* **Recorded information**
········
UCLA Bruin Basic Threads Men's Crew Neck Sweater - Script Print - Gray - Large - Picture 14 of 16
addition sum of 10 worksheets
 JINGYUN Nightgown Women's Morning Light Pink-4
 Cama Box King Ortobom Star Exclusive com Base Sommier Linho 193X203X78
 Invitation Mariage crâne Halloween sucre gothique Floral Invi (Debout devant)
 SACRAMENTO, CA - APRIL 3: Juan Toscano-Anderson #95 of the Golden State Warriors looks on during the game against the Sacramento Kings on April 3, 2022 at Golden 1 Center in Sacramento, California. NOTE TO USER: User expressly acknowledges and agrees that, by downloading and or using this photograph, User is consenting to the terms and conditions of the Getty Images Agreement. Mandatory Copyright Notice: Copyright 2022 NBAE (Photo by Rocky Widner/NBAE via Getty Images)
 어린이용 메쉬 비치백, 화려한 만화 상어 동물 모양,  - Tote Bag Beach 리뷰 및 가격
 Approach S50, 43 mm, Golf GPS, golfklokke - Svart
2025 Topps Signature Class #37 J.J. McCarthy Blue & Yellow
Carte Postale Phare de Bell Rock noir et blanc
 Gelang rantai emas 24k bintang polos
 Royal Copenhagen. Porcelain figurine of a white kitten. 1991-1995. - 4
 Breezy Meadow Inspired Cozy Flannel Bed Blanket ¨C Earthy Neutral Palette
········
* **Problem requirements**
Output only a verbatim copy of the lines spanning from the line that contains "addition sum of 10 worksheets" to the end of the records above.

* **Finished exercise**
addition sum of 10 worksheets
 JINGYUN Nightgown Women's Morning Light Pink-4
 Cama Box King Ortobom Star Exclusive com Base Sommier Linho 193X203X78
 Invitation Mariage crâne Halloween sucre gothique Floral Invi (Debout devant)
 SACRAMENTO, CA - APRIL 3: Juan Toscano-Anderson #95 of the Golden State Warriors looks on during the game against the Sacramento Kings on April 3, 2022 at Golden 1 Center in Sacramento, California. NOTE TO USER: User expressly acknowledges and agrees that, by downloading and or using this photograph, User is consenting to the terms and conditions of the Getty Images Agreement. Mandatory Copyright Notice: Copyright 2022 NBAE (Photo by Rocky Widner/NBAE via Getty Images)
 어린이용 메쉬 비치백, 화려한 만화 상어 동물 모양,  - Tote Bag Beach 리뷰 및 가격
 Approach S50, 43 mm, Golf GPS, golfklokke - Svart
2025 Topps Signature Class #37 J.J. McCarthy Blue & Yellow
Carte Postale Phare de Bell Rock noir et blanc
 Gelang rantai emas 24k bintang polos
 Royal Copenhagen. Porcelain figurine of a white kitten. 1991-1995. - 4
 Breezy Meadow Inspired Cozy Flannel Bed Blanket ¨C Earthy Neutral Palette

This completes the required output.